Ce titre se veut la traduction en français de 남한산성 (La forteresse de Namhan) ; trouvez l’ânerie.
1636, l’immense, puissante et moderne armée nord-chinoise déferle sur l’actuelle péninsule coréenne, et doit prendre la forteresse de Namhan perchée sur une montagne, pour y vaincre son roi, qui y demeure avec son gouvernement, son village et son régiment, très humble face à l’écrasant envahisseur. Rien à voir pourtant avec l’épopée guerrière héroïque à la chinoise que j’imaginais en voyant l’affiche. Amateurs de voltiges chorégraphiques, passez votre chemin. Cette fresque historique coréenne, au cinéma décidément fin et étonnant, est avant tout une critique et une réflexion socio-philosophico-politique, applicable à toute guerre d’invasion, un film à dialogues et une triple leçon de pragmatisme face aux douleurs et aux solutions sans issue.
D’abord celle d’un village et de ses troupes assiégés, torturés par les engelures d’un hiver glacial, littéralement affamés, où agonisent bêtes, hommes comme enfants, sans autre perspective que la boucherie de chaque tentative de combat. Quoiqu’un peu théâtrale, la mise en scène joue la carte d’un réalisme pessimiste, loin, très loin du monde fantasmagorique des super-héros et des guerres-spectacles.
Toujours dans cette crudité, la dominante du film incarne les intrigues politico-guerrières conséquentes des dirigeants face à l’inflexible ennemi, entre débats et querelles intestines, fourberies affligeantes, stratégies poussives, diplomaties impuissantes, incompétence et superstition des ministres, indécision du roi, perte totale de la confiance et du patriotisme du peuple surexploité qu’ils prétendent représenter, maladresses d’une caste qui ne vit pas dans le vrai monde, et dans lequel se débattent toujours les efforts sans cesse étouffés de deux ou trois notables sortant du lot.

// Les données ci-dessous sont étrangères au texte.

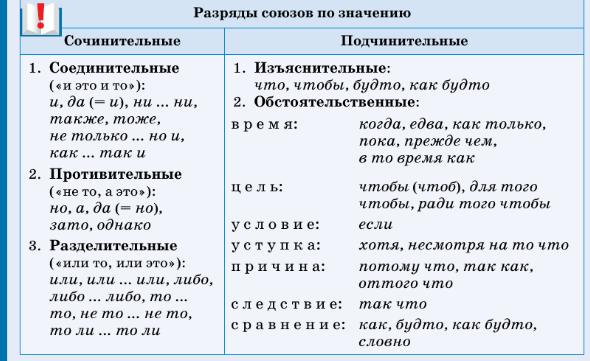 Презентация союзы в простых и сложных предложениях 7 класс рыбченкова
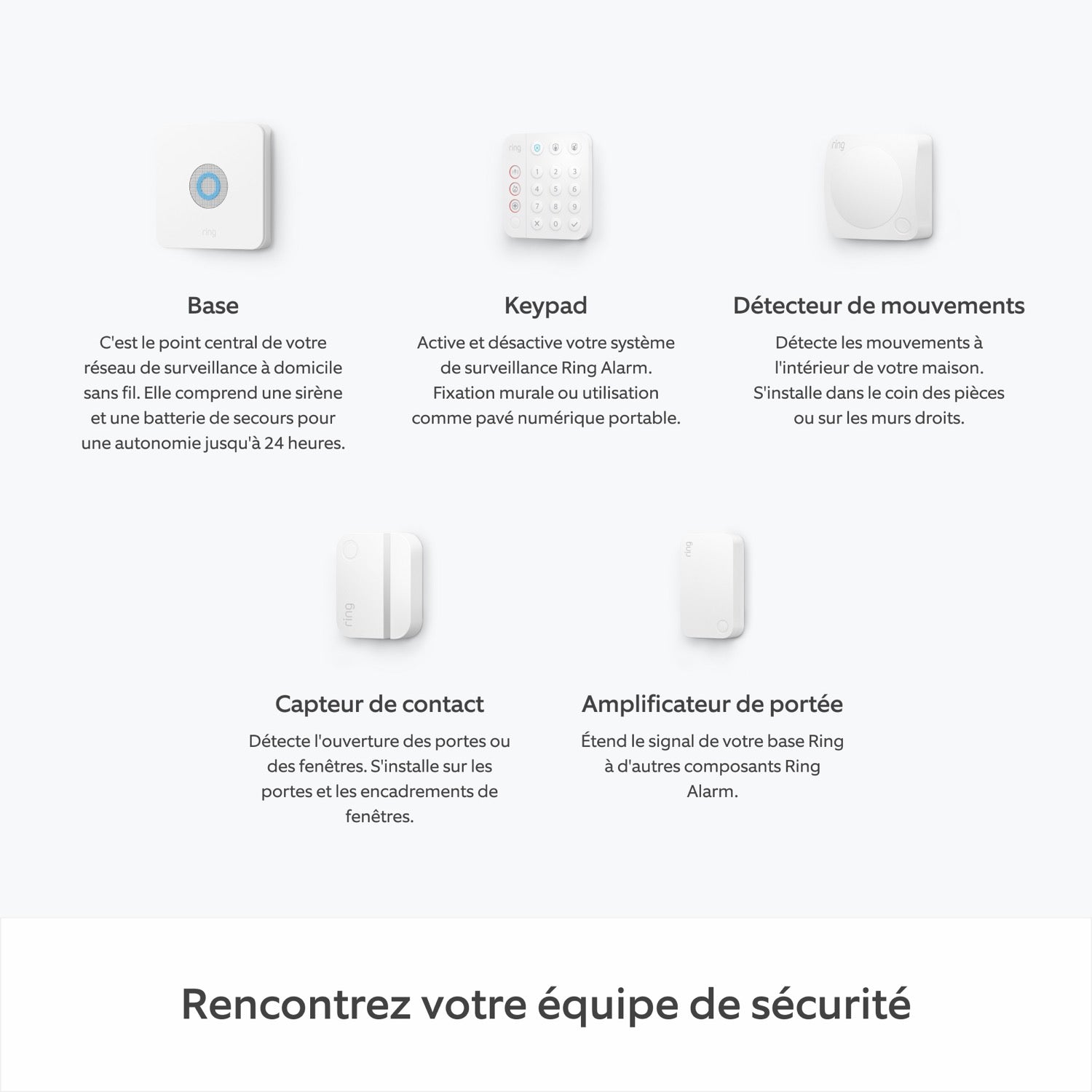Kit Ring Alarm + caméra intérieure 2e gén. - M - Kit Ring Alarm + caméra intérieure 2e gén. - M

Emergera fatalement de cette funeste impasse la seule dualité éternelle qui s’impose : opter pour l’utopique noblesse d’un idéal, ou le réaliste et avilissant compromis. Car les décennies à venir du pays dépendront bien du débat entre la mort ou la soumission, l’honneur ou le pragmatisme, la résistance ou la collaboration, le massacre assuré ou la survie humiliante, le sens que chacun met dans sa vie ou l’espoir de la conserver. Sans caricature guignolesque facile aux moralisateurs bien au chaud dans leur de salon, la finesse du film exprime la médiocrité comme la noblesse, la lucidité comme l’inconscience des deux bords, avec l’élégance de nous laisser méditer en nos propres valeurs.